On the Anglesey side of the Menai Straits the first object of interest is Plas Newydd, the stately home of the Marquis of Angelsey, whose family will always be associated with some of the fine feats performed by the British armies in the Napoleonic Wars. The first holder of the title was Lord Paget, who commanded the cavalry in Sir John Moore’s campaign which ended at Corunna and a few years later (as Earl of Uxbridge) held the same command at Waterloo. On that glorious day he led a brilliant charge of the British centre, and in its closing moments received a very severe wound which involved the amputation of a leg. The leg itself received something approaching a public funeral.

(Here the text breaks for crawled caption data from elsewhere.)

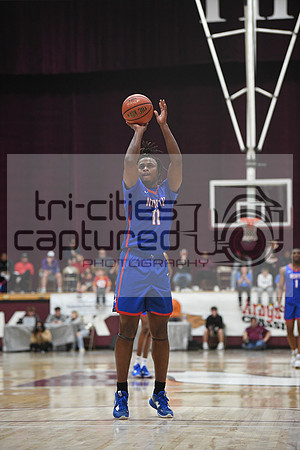 39th Annual Arby’s Classic Basketball Tournament 12-30-22 DAY 4
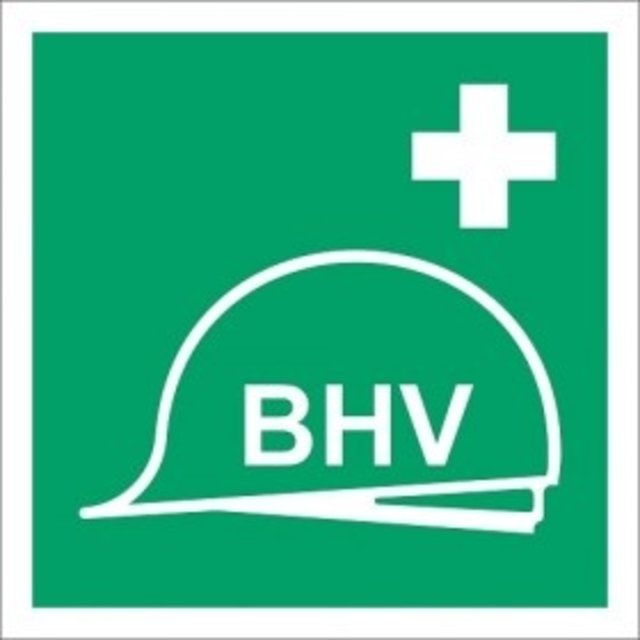 EO02 BHV EO02 BHV
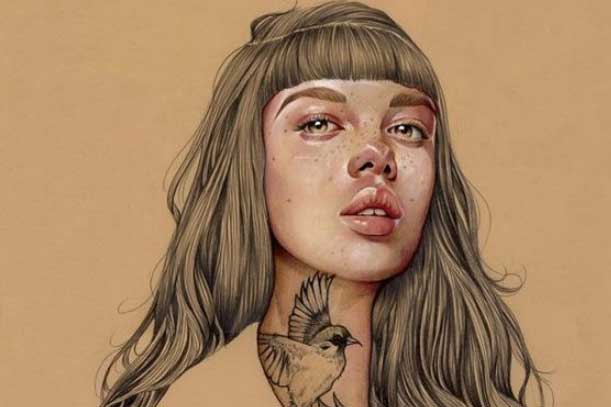 Tuân thủ nguyên tắc 12 khung giờ trong ngày, sức khỏe và hạnh phúc đều đủ đầy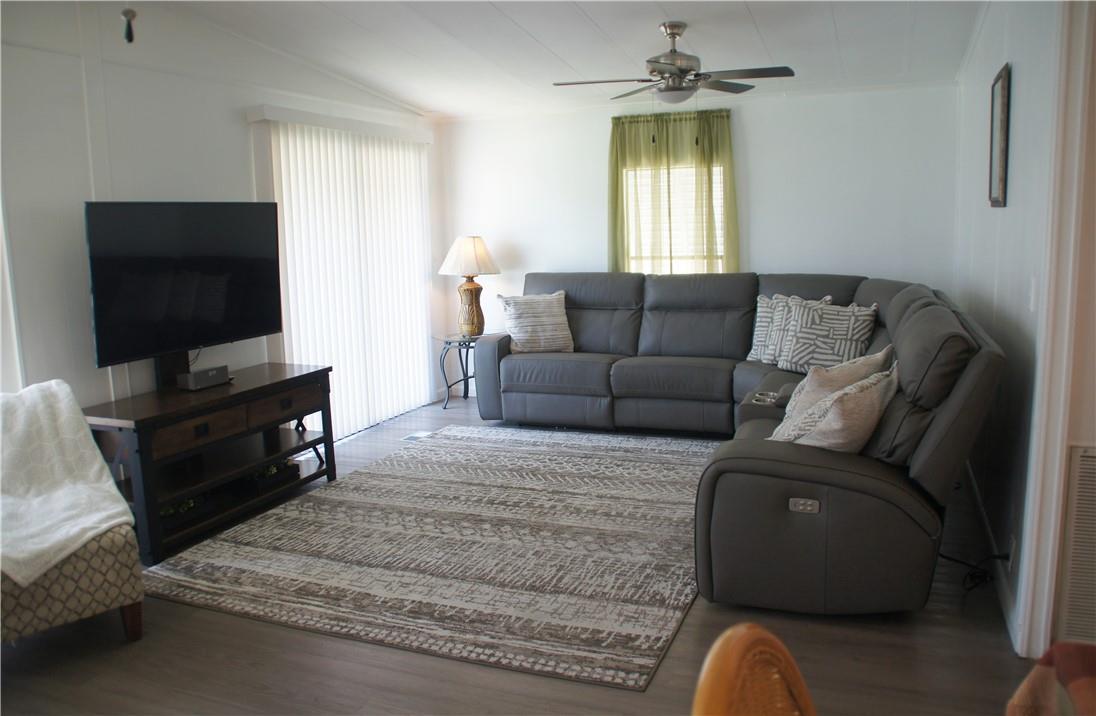 Ravenswood North 108-45 B - Residential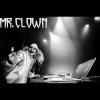 封面 DJ Mr. Clown - Happy Horror Mix DJ Mr. Clown - Happy Horror Mix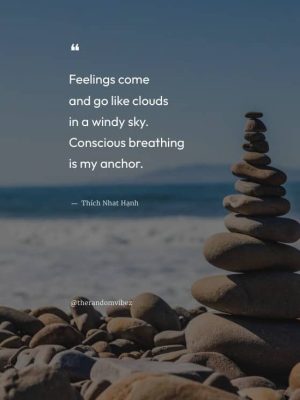 mindfulness quotes images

On such incidents, both gallant and grotesque, may the visitor reflect as he manfully toils up the hundred and more steps of the Anglesey Column which commemorates the dashing cavalry officer’s exploits. From a height of more than three hundred feet above sea level, the eye then ranges over a panorama which has few rivals in the world. In the southern foreground the Strait winds its way under the wooded fringes of Anglesey itself, the silver ribbon being cut in two places by the Menai Suspension Bridge and the Britannia Tubular Bridge.

Beaumaris Castle

The antiquarian, architectural, and we may add, aesthetic gem of this district and indeed the whole island is the beautiful ivy-clad ruin of Beaumaris Castle. Like Conway and Caernarfon, this stronghold is a relic of Edward I’s ruthless determination to subjugate the Welsh, but as a military monument it is not quite so eloquent as its famous neighbours. But with its many towers and walls, swathed in foliage, the five windows of its great Hall, its early English chapel, and, above all, the beautiful greensward which takes the place of its ancient floors, it presents a picture of decayed splendour and mellowed mystery which it would be hard to parallel.

Continuing in north-easterly direction, the next sight in Anglesey in Penmon Priory, whose church contains much characteristic Norman work, though the priory itself was founded in pre-Norman times by St Seriol. A “coast,” in the more impressive sense of the word, only exists between Amlwch and Holy Island, where Holyhead Mountain supplies the sole real elevation in Anglesey, and the “South Stack,” a rocky islet crowned by a famous lighthouse and separated from the mainland by a yawning chasm crossed by a frail suspension bridge furnishes a real thrill. The old frail bridge has been replaced and public access to South Stack was regained in 1998 and the Lighthouse is now open to visitors too, a word of warning though as there are 400 steps down the cliff to the bridge and it seems many more on the way back!